Any early memories of cooking?

I had just started cooking school and was working with Chef John for about 3 months by then. One day my mom was not feeling very well and I offered to cook dinner for the entire family. I had three brothers, my mom, dad, grandpa and grandma to feed.

We had the mushy peas at…4pm

The Potatoes at…5pm

Chicken and gravy at…5: 45pm

And a total dessert disaster at…7pm

How has the restaurant landscape changed since you first started?

Drastically. I’ve been in the culinary world now for over 30 years (I know, I know) and have seen many changes, restaurant themes, and trends – everything from the Atkins diet in the 80s, SlimFast in the 90s, Seattle Suttons Diet in 2006 and now in 2017 we see many guests reporting serious allergies. We see different dietary trends now (i.e. Gluten free is big, Halal, Pescatarian, Vegan and vegetarian, etc.).

Consumers read labels on packaging and now become foodies, which we never had in my early career as a chef.
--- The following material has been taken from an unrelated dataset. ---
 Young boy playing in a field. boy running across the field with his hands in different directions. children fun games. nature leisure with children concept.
In the earlier days, it was hard to be an assistant chef; no one shared their knowledge and you had to consistently look over the shoulders of the Chef. NO HGTV, NO INTERNET, just limited books and magazines on the shelf – thank God for Julia Child and Jacques Pippin, teaching us skills and techniques. Now, everyone can cook and eat a healthy diet.
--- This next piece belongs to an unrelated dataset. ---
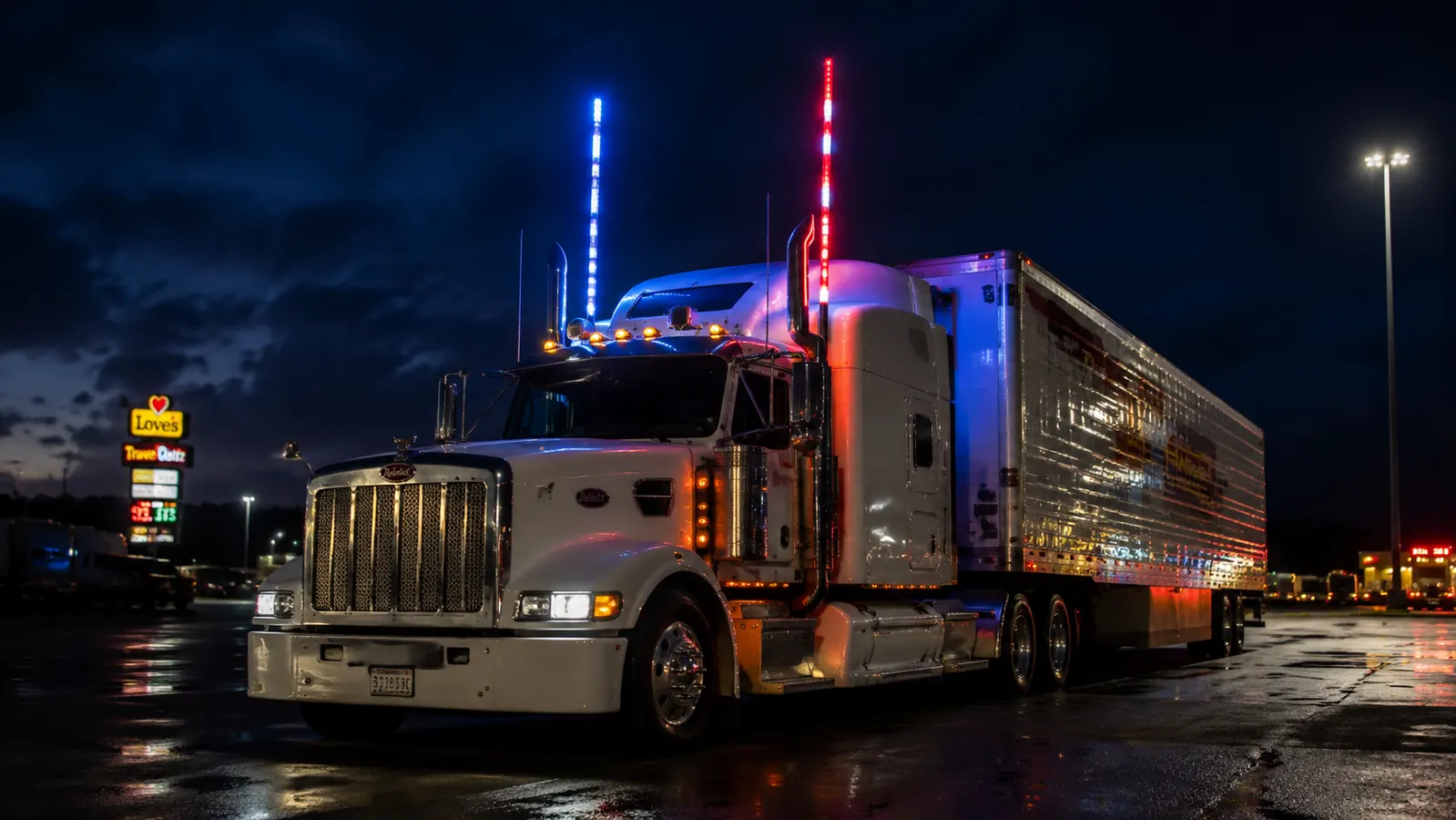 Two LED whip flag poles mounted on a semi truck cab at night, glowing red white and blue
In the professional world, the standards have skyrocketed . I just bought a jar of honey powder and a jar of Cheddar cheese powder. Really, this is jaw dropping; even food presentation skills and our techniques are carefully mastered. Food is becoming a work of art. You can’t scroll through Facebook or Instagram without seeing posts of food, drinks and even videos of people’s dining experiences. This continues to raise the bar and set the tone for new young chefs entering the food scene.

I know you grew up in Ireland. How does that background influence your food?
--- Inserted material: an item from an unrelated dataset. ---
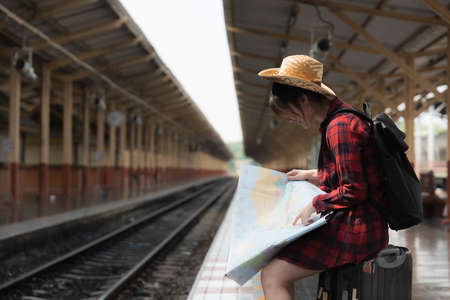 Pretty Young traveler woman looking on maps planning trip at train station. Summer and travel lifestyle concept.の写真素材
Growing up in Ireland in the 70s and 80s was a lot different than it is now. The menus in most restaurants in Ireland had very similar offerings influenced by French cuisine, especially in hotels and the higher end restaurants, whereas the bars and pubs served traditional Irish fare like lamb stew, Irish breakfast, fish and chips, smoked salmon, etc. Foods were usually locally sourced.

With Ireland joining the European Union this really opened the doors to all cuisines. Many younger folks moved to Ireland to work and take advantage of the educational systems available, which introduced their cultures and cuisines to Ireland.

The Palmer House has a long and storied history. How did you honor the past while bringing menus into the 21st century?

Most dishes I believe honor the past in some way and there are very few dishes that don’t have a history attached to them. For example, I took a dish that was famous in the 1920s where the Palmer House Chef would wrap a beef round in fat and slow roast it. It was called the “Palmer House Barron of Beef” and they would hand carve it. I simply take individual beef filet steaks and wrap them in Prosciutto, pan sear them in olive oil, fresh garlic and roof top herbs.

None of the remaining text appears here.